In solidarity, I did 50 crunches and 5 push-ups before work this morning.

He's a linebacker and will be working to make the starting squad on a pretty competitive team. There is also the option of making second team or playing junior varsity. Last year he started for his 10th grade team, played some junior varsity, and suited up for varsity. He's been working out all summer and also worked the high school camp for younger kids, so he's definitely prepared for today.

I got the first two seasons of Friday Night Lights at the library Saturday and we all watched many of the Season 1 episodes over the weekend. Now there's a hyped-up phenomenon: Texas high school football. I was encouraged to see that the women of the series--by the end of the season--started to have more substantial roles and better character development beyond cheerleading and girlfriends who do or don't have sex. I was pretty fascinated with all the context the show's creators brought into the show: the pressure by the townsfolks, the dynamics during practice and on game days, the toll such competition takes on families.

More as documentation of something I find really compelling (because I was an athlete, because I still know so little about football and the systems that keep it a national pasttime) and less because I'm a fawning helicopter mom, I want to post a few summaries on practice and try-outs for the next month or so. Bear with me or visit again in October!

Monday, August 02, 2010

Getting by

"Suicide" has barged into my life three times in the last month. Too much for my psyche. My good friend's brother committed suicide and my friend worried about her elderly parents' ability to cope. One of our Press writers lost her sister to suicide and our writer was next of kin and had to attend first to the funeral service and then to an appropriately meaningful memorial service weeks later. Today we learned a former colleague killed himself on Friday, after a lifetime struggling with depression and a summer with additional work stresses.
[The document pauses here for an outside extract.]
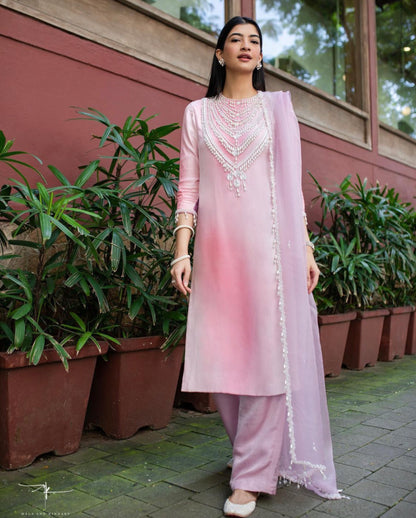 Rose Quartz Kurta Set With Pearls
Today's news stopped me in my tracks. Our editor in chief commented that on days like this it is hard getting by. What other news will we need to cope with? For those of us without the extra burdens of depression, chronic illness, severe poverty, it might seem trivial to say, but we all can be worn down by the coping, the constant coping. And she said it's as if we need to keep our view on the long gaze, keep looking ahead, keep our visions clear to the future. Otherwise, if we look down or too closely, we may stop in our tracks for longer than we hoped. Stop and wonder about this grace of God.